Here’s an excerpt that describes the company’s position.
“In this environment, operators with short life reserves will find it increasingly difficult to finance exploration and development programs to replace declines, let alone grow production. The more commercially successful alternative energy sources become, the more capital they will draw from traditional energy markets, and the less likely we are to see substantial new crude oil supply come to market.
“While often characterized as being the oil basin most vulnerable to a low oil demand scenario, the very long operating life and low decline rate of our assets are, paradoxically, a major advantage under a scenario of either declining demand for crude oil and a correspondingly lower oil price, or an extended period of uncertainty and volatility in investment and commodity markets.
“Our long term reserve base presents minimal finding and exploration costs or risk. The nature of the resource requires high upfront capital investment to develop a project, but once the initial infrastructure is in place, the reservoir can be incrementally developed over a long period of time, without exploration risk, or the high capital requirements of a new project.
“Oilsands facilities are more comparable to manufacturing operations. Once operating, they are built to last 40+ years with a steady output. Production does not rapidly peak and decline, so each new incremental expansion results in production growth.

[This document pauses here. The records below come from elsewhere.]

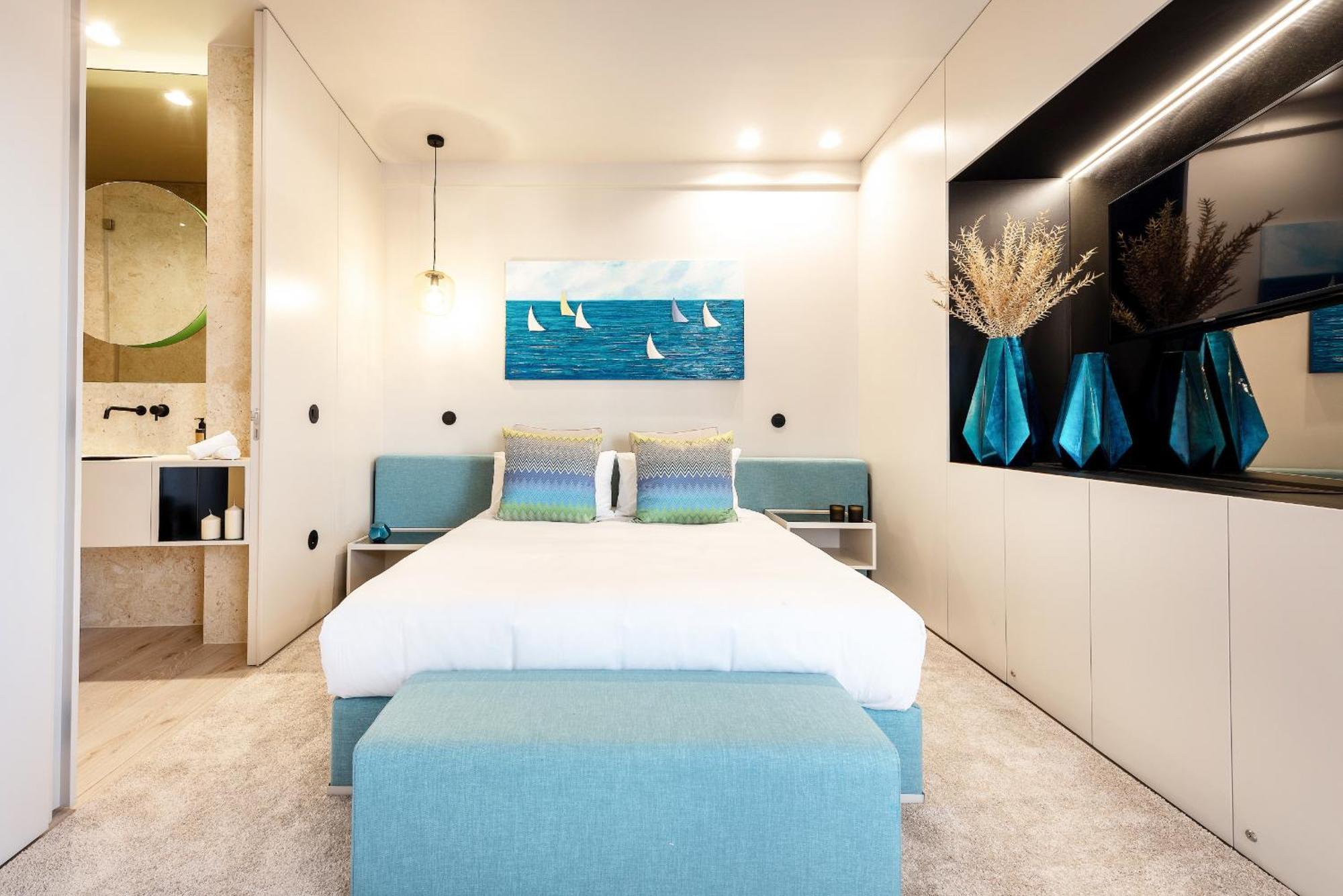 Deluxe By Homing Cascais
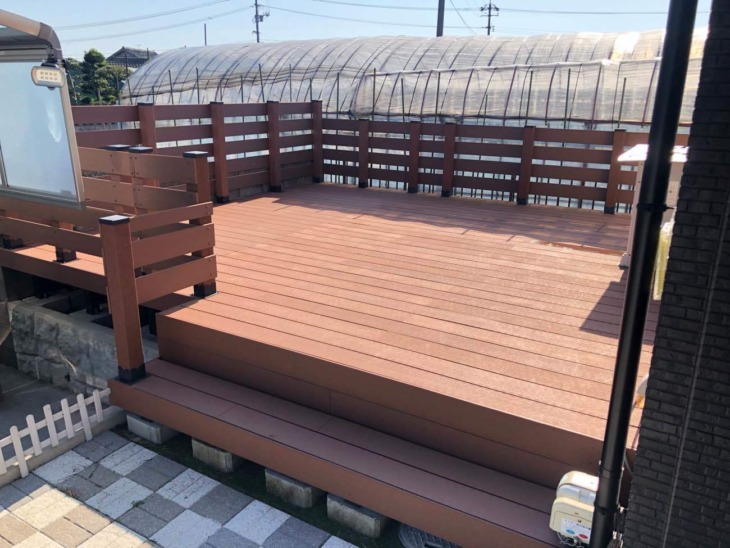 広～いウッドデッキ空間新設工事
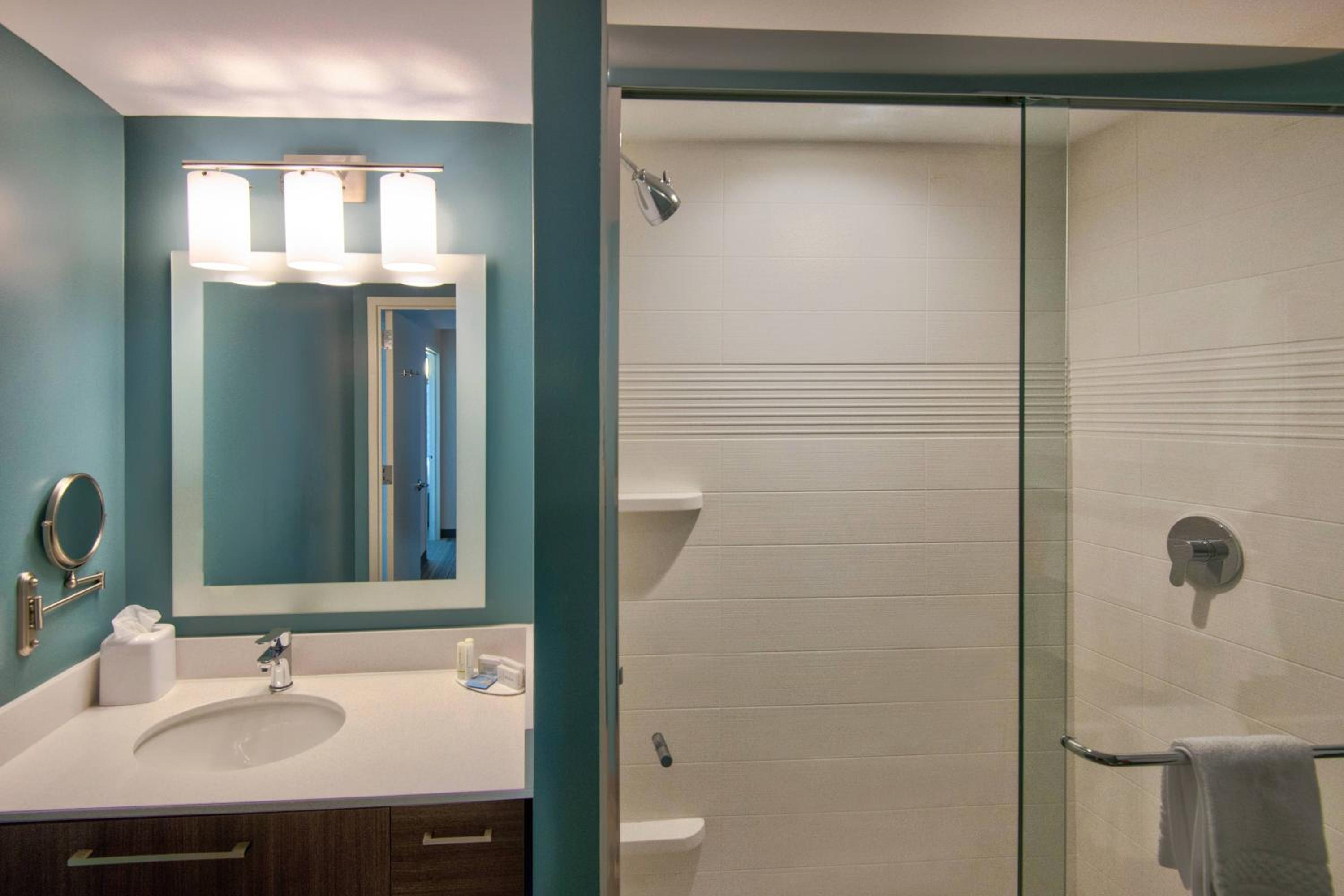 Two-Bedroom Suite - Photo 2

“Once high upfront capital costs are depreciated, a facility can continue to operate for potentially another 30 years with low operating costs and sustaining capital requirements only.
“Over the next 10 years, we believe technology will deliver the advances to make oilsands crudes both a low cost and a low carbon source of crude. The unique characteristic of the oilsands resource positions us to continue to deliver substantial value for shareholders under each of these scenarios.”